[Try it]: Exact transcription of the following records is needed, with every picture dropped.

[Task input]:
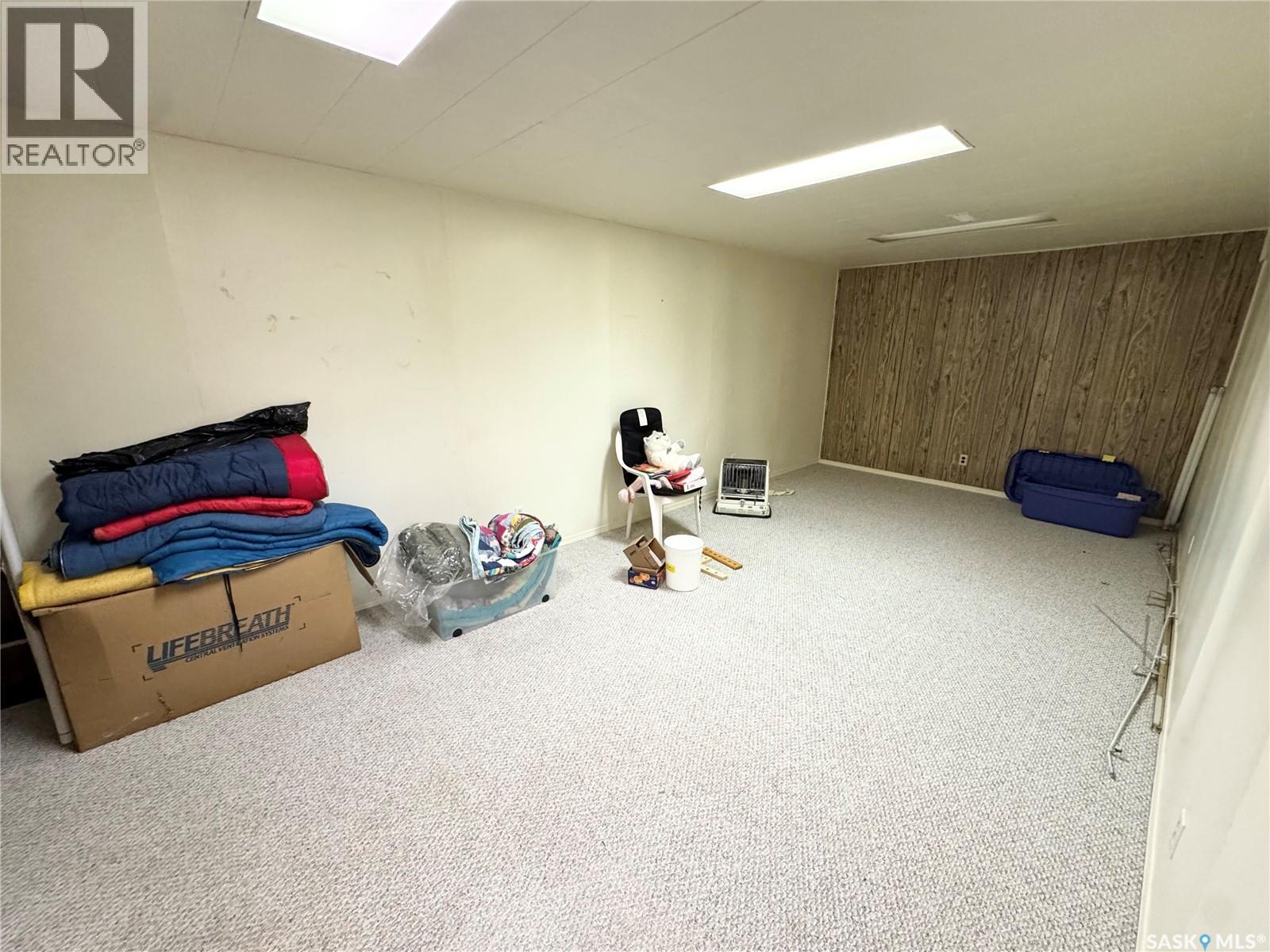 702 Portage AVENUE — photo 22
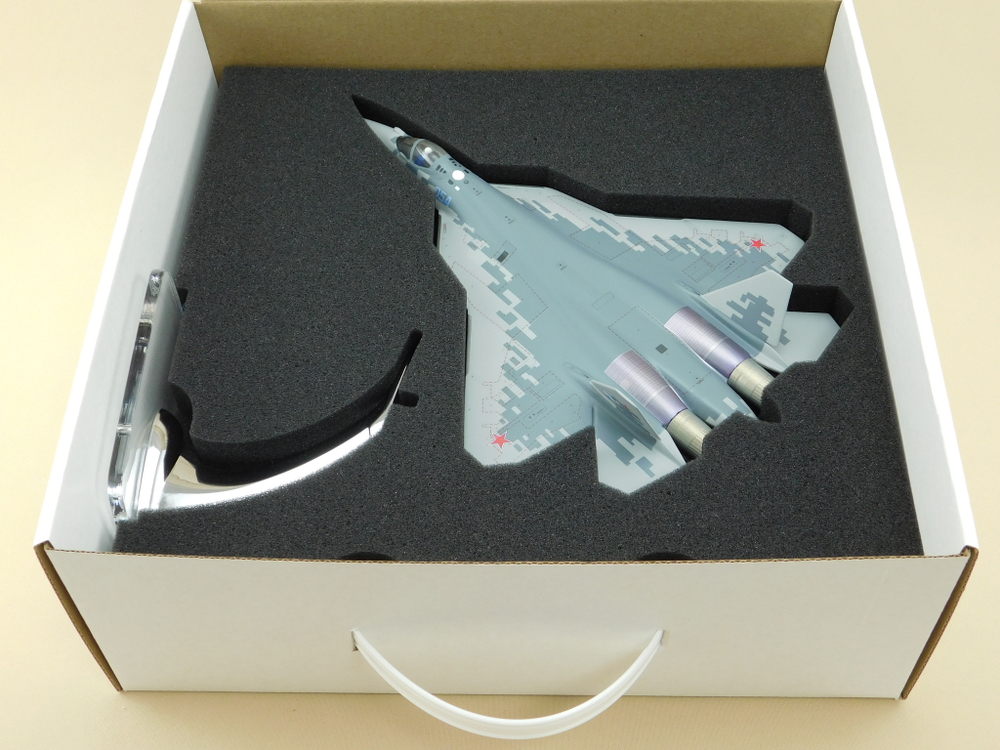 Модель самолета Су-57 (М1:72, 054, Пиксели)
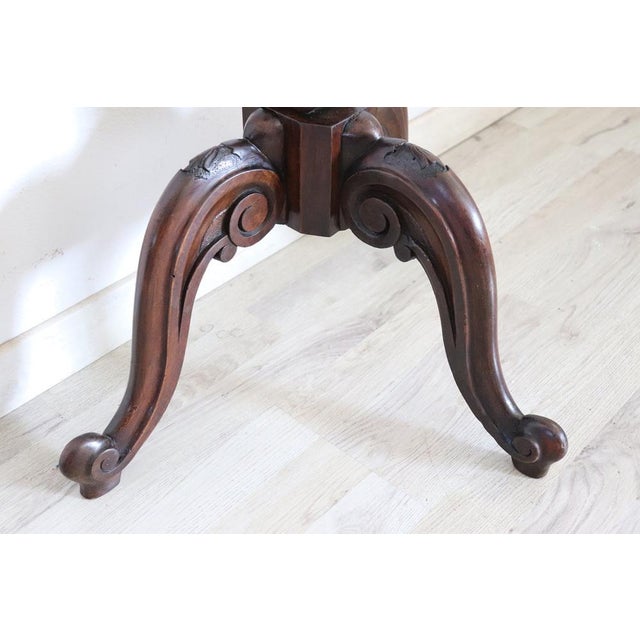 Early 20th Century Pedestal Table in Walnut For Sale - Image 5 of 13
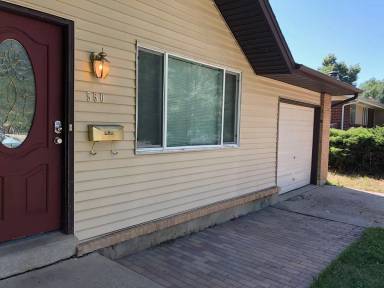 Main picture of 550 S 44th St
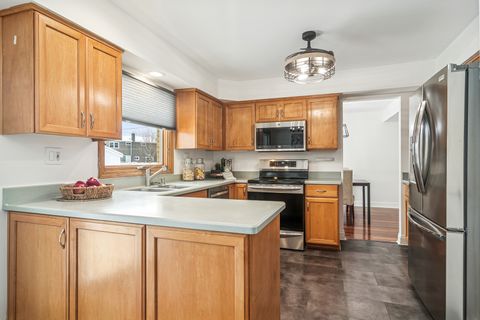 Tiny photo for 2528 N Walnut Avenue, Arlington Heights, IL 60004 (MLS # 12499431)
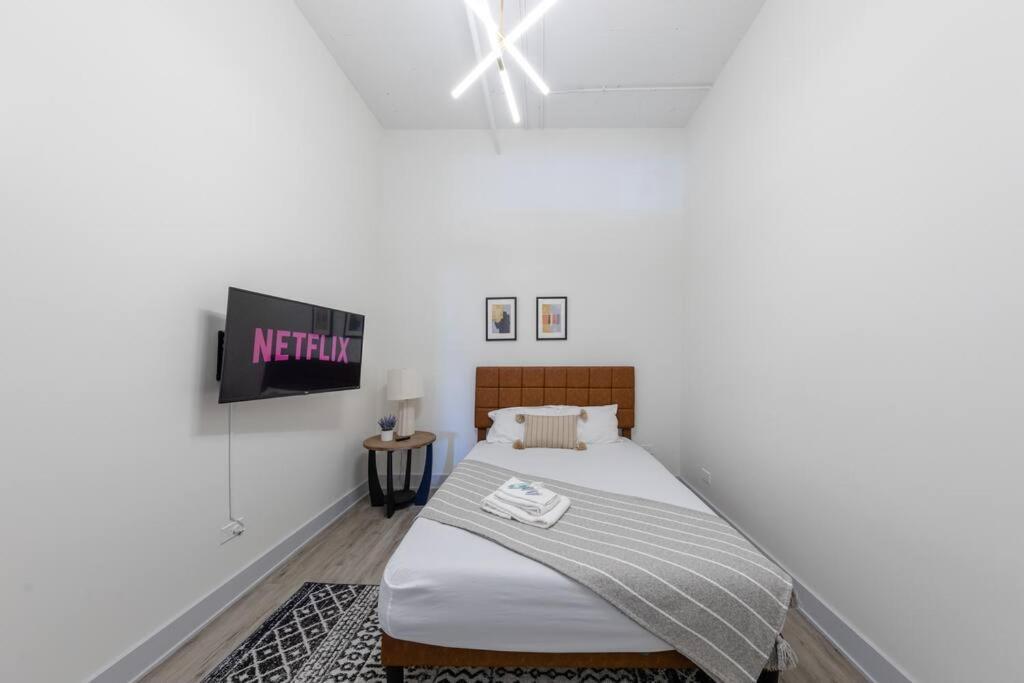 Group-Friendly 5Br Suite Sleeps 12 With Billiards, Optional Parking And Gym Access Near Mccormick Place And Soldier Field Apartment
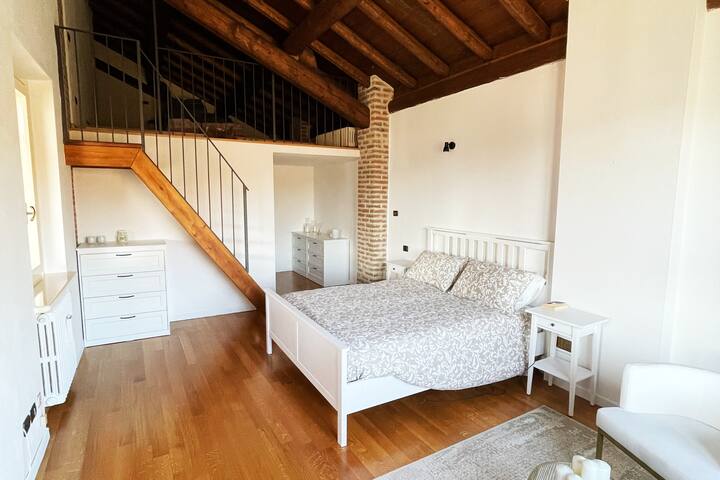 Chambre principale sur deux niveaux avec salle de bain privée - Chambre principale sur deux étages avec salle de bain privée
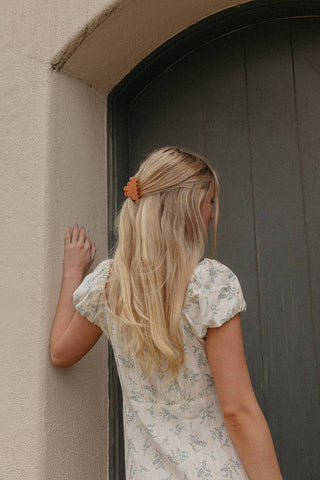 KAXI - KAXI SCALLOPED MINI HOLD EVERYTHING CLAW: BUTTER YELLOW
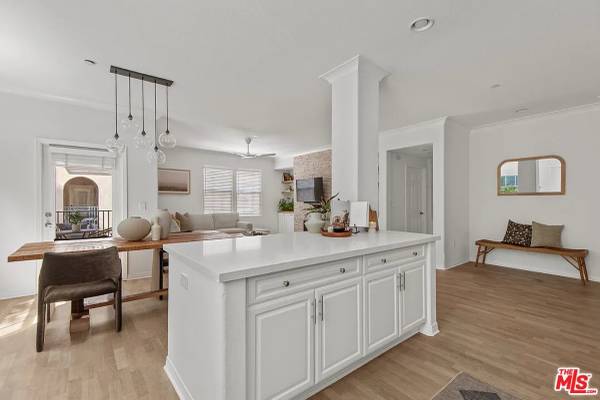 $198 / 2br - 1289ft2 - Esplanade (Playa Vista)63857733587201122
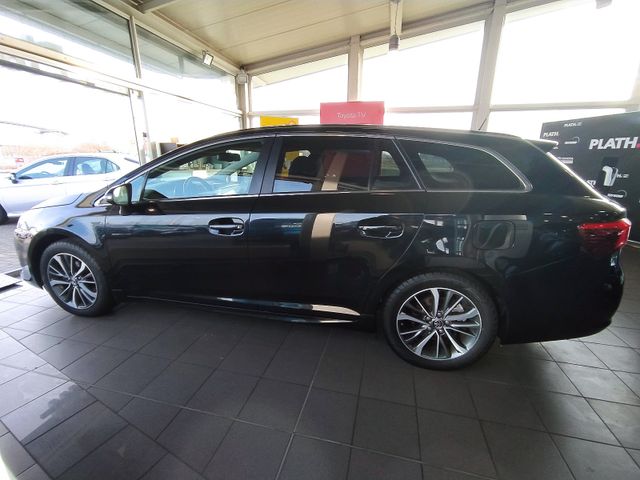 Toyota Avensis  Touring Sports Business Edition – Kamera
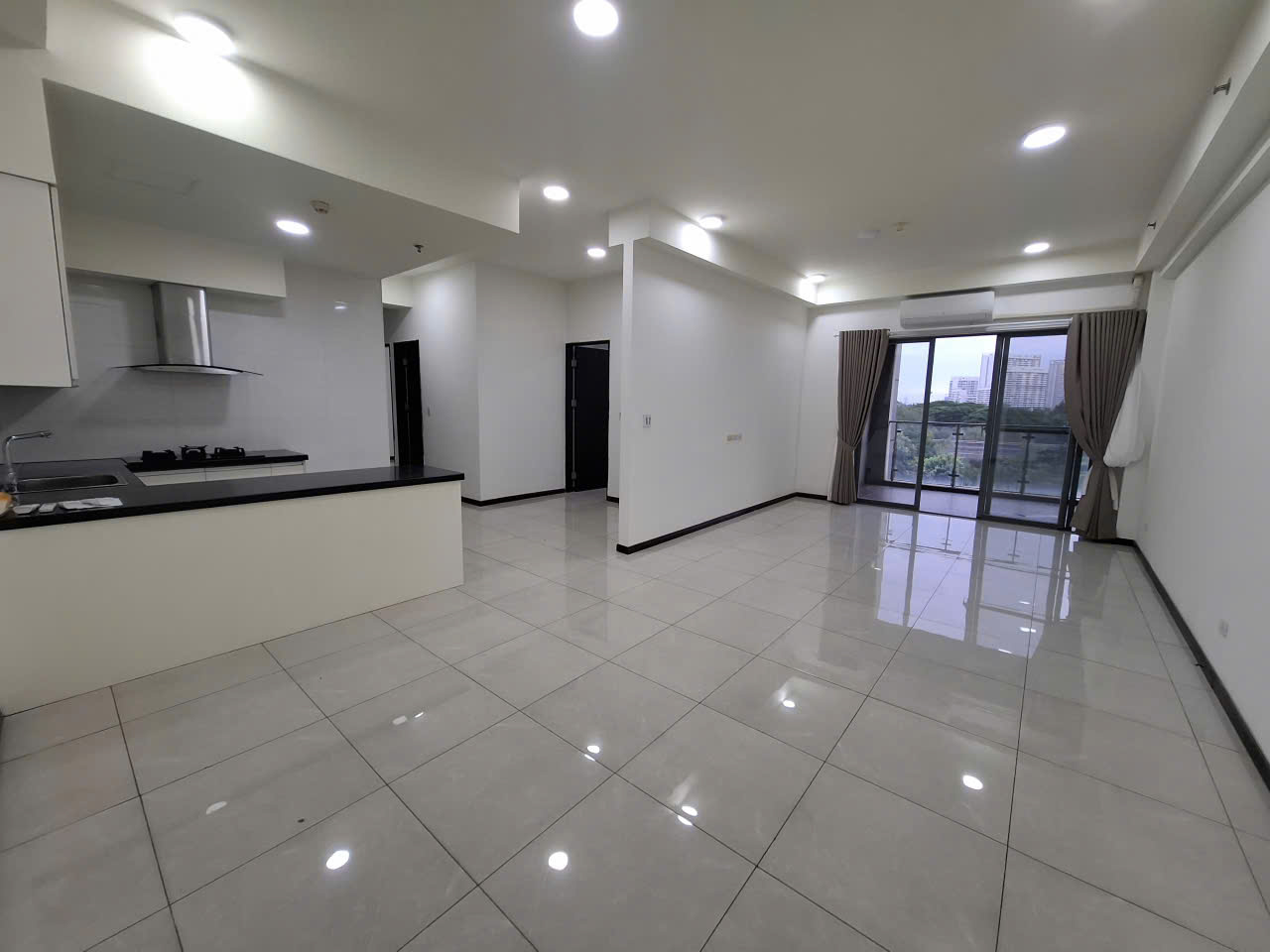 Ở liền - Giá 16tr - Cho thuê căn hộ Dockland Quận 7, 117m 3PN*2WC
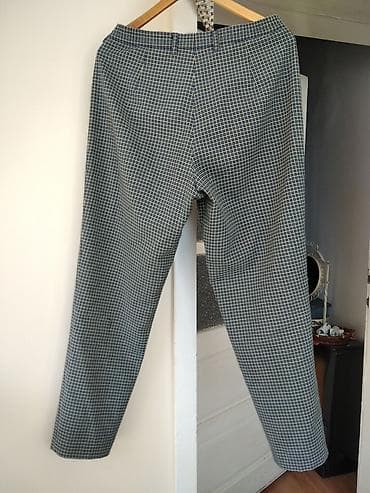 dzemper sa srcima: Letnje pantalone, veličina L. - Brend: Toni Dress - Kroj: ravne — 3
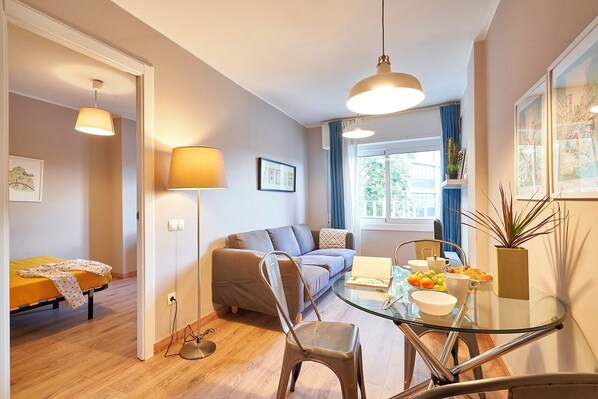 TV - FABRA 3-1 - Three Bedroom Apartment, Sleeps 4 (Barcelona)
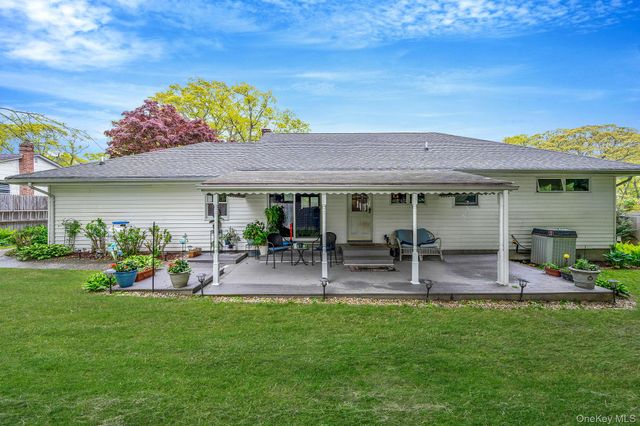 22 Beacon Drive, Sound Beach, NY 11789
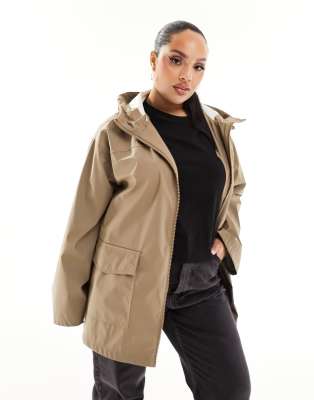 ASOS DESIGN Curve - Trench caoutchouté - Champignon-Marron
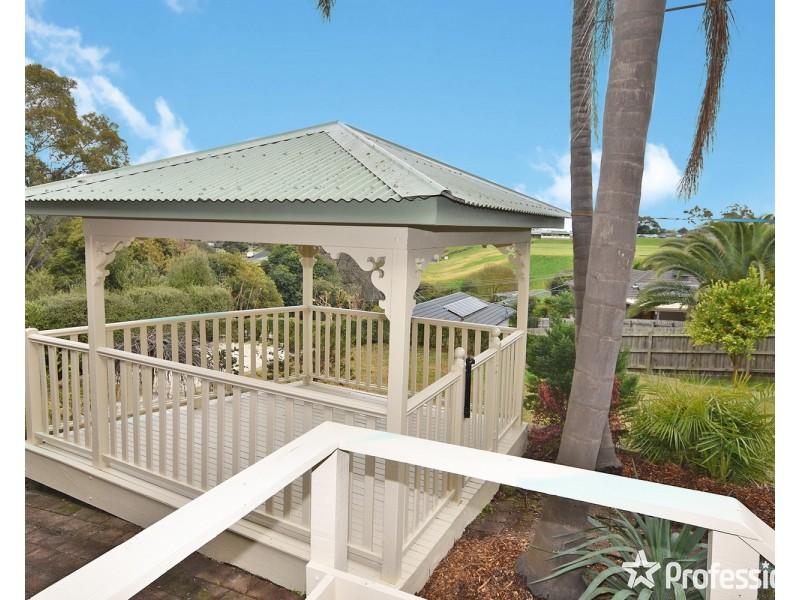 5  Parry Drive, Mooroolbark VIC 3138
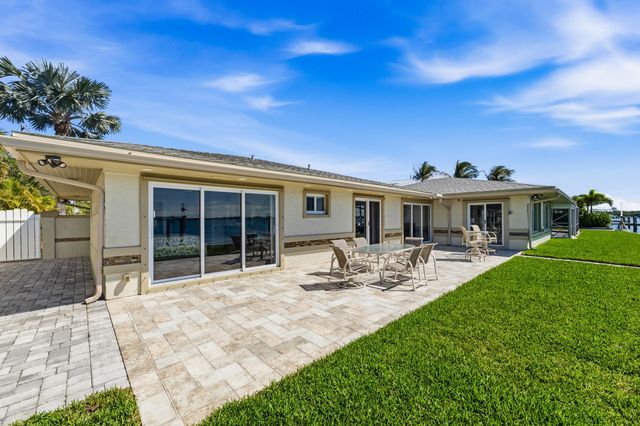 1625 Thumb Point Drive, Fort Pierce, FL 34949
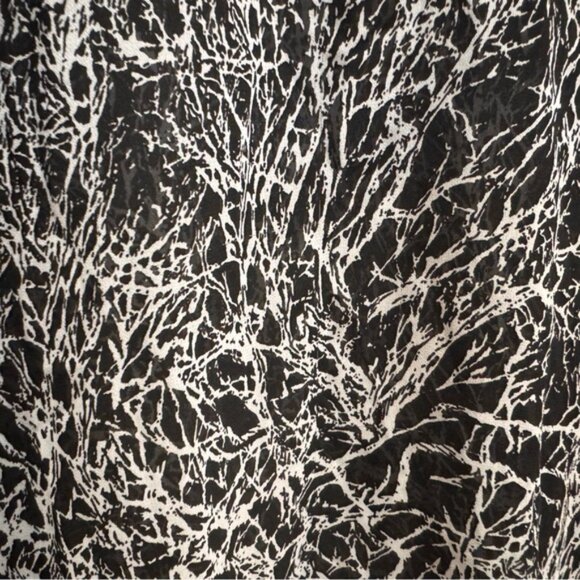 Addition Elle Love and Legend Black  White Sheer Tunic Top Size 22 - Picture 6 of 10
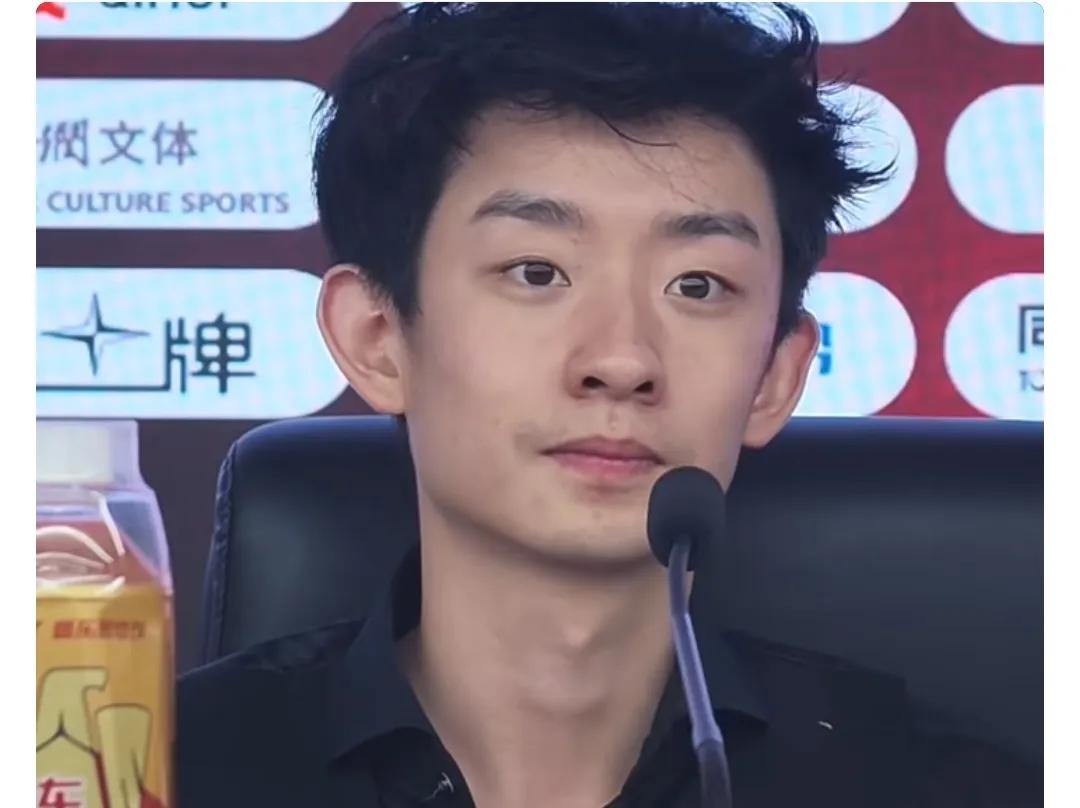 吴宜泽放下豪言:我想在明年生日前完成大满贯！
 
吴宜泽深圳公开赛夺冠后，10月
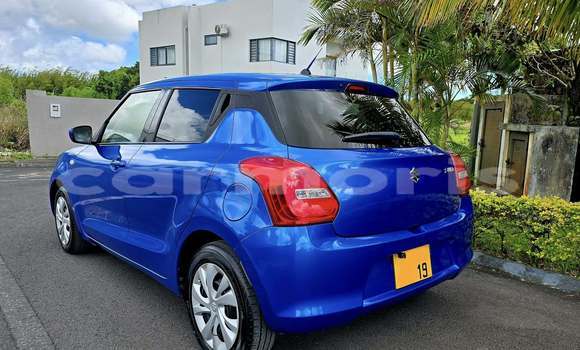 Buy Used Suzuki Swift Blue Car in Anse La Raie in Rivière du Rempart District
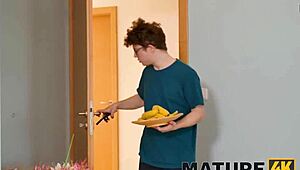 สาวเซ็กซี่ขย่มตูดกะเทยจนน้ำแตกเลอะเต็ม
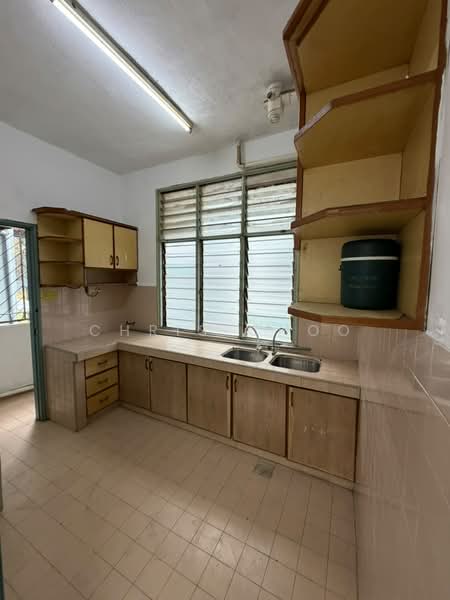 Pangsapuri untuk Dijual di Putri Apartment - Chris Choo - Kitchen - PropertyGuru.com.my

[Output of the task]:
 702 Portage AVENUE — photo 22
 Модель самолета Су-57 (М1:72, 054, Пиксели)
 Early 20th Century Pedestal Table in Walnut For Sale - Image 5 of 13
 Main picture of 550 S 44th St
 Tiny photo for 2528 N Walnut Avenue, Arlington Heights, IL 60004 (MLS # 12499431)
 Group-Friendly 5Br Suite Sleeps 12 With Billiards, Optional Parking And Gym Access Near Mccormick Place And Soldier Field Apartment
 Chambre principale sur deux niveaux avec salle de bain privée - Chambre principale sur deux étages avec salle de bain privée
 KAXI - KAXI SCALLOPED MINI HOLD EVERYTHING CLAW: BUTTER YELLOW
 $198 / 2br - 1289ft2 - Esplanade (Playa Vista)63857733587201122
 Toyota Avensis  Touring Sports Business Edition – Kamera
 Ở liền - Giá 16tr - Cho thuê căn hộ Dockland Quận 7, 117m 3PN*2WC
 dzemper sa srcima: Letnje pantalone, veličina L. - Brend: Toni Dress - Kroj: ravne — 3
 TV - FABRA 3-1 - Three Bedroom Apartment, Sleeps 4 (Barcelona)
 22 Beacon Drive, Sound Beach, NY 11789
 ASOS DESIGN Curve - Trench caoutchouté - Champignon-Marron
 5  Parry Drive, Mooroolbark VIC 3138
 1625 Thumb Point Drive, Fort Pierce, FL 34949
 Addition Elle Love and Legend Black  White Sheer Tunic Top Size 22 - Picture 6 of 10
 吴宜泽放下豪言:我想在明年生日前完成大满贯！
 
吴宜泽深圳公开赛夺冠后，10月
 Buy Used Suzuki Swift Blue Car in Anse La Raie in Rivière du Rempart District
 สาวเซ็กซี่ขย่มตูดกะเทยจนน้ำแตกเลอะเต็ม
 Pangsapuri untuk Dijual di Putri Apartment - Chris Choo - Kitchen - PropertyGuru.com.my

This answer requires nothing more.